Rene Magritte is one of the artists who did the most to define the surrealist movement. Indeed, in his home country of Britain, his name rivals that of Salvador Dali as a synonym for surrealism. The recurring theme of his artwork was images from normal, everyday life juxtaposed so that they were stripped of all meaning, all logic. The elements were familiar, but not the combinations.
"The Battle of the Argonne" is a classic example of Rene Magritte at his most surreal. On the left of the canvas is a cloud; on the right is a large rock, inexplicably suspended in the air. A horizon with water, trees and land stretches along the bottom of the frame, while the moon sits towards the top of the composition, positioned neatly between the cloud and rock.
The painting's title takes its name from a major conflict in World War I, although - as is traditionally the case in surrealism - its relevance to the topic, if it has any, is left to the viewer's interpretation. Certainly, when looking at the painting while knowing the title, it is easy to read a degree of tension into its composition. The cloud and the rock appear almost to be facing of, as though in a duel - with the moon perhaps serving as a second, watching over the conflict to make sure that all rules are observed.

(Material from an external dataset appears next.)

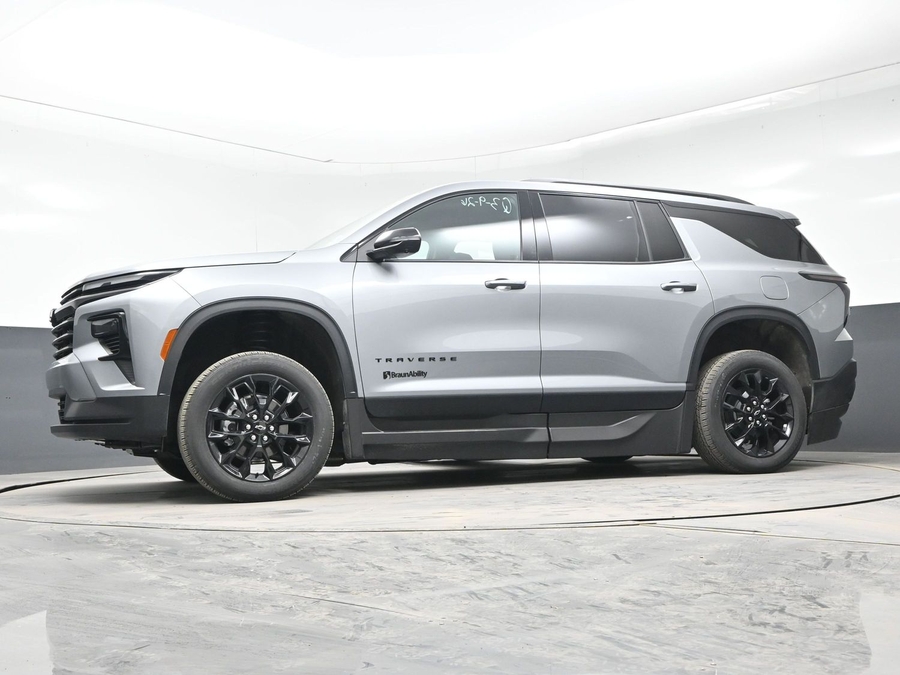 New 2025 Chevrolet Traverse 1LT Midnight - BraunAbility Side Entry Entry In Floor Automatic Ramp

The painting demonstrates Magritte's essential genius. He was able to take a set of mundane images - a cloud, a rock, the moon, a simple landscape - and assemble them in a truly bizarre combination. The viewer gets the impression that there is a story going on here, a story that exists just below the surface, but the exact nature of that story will be interpreted differently by each individual observer. Such is surrealist art.
Anybody who values surrealist art in general, and the genius work of Rene Magritte in particular, would surely be proud to have "The Battle of the Argonne" on display in their home.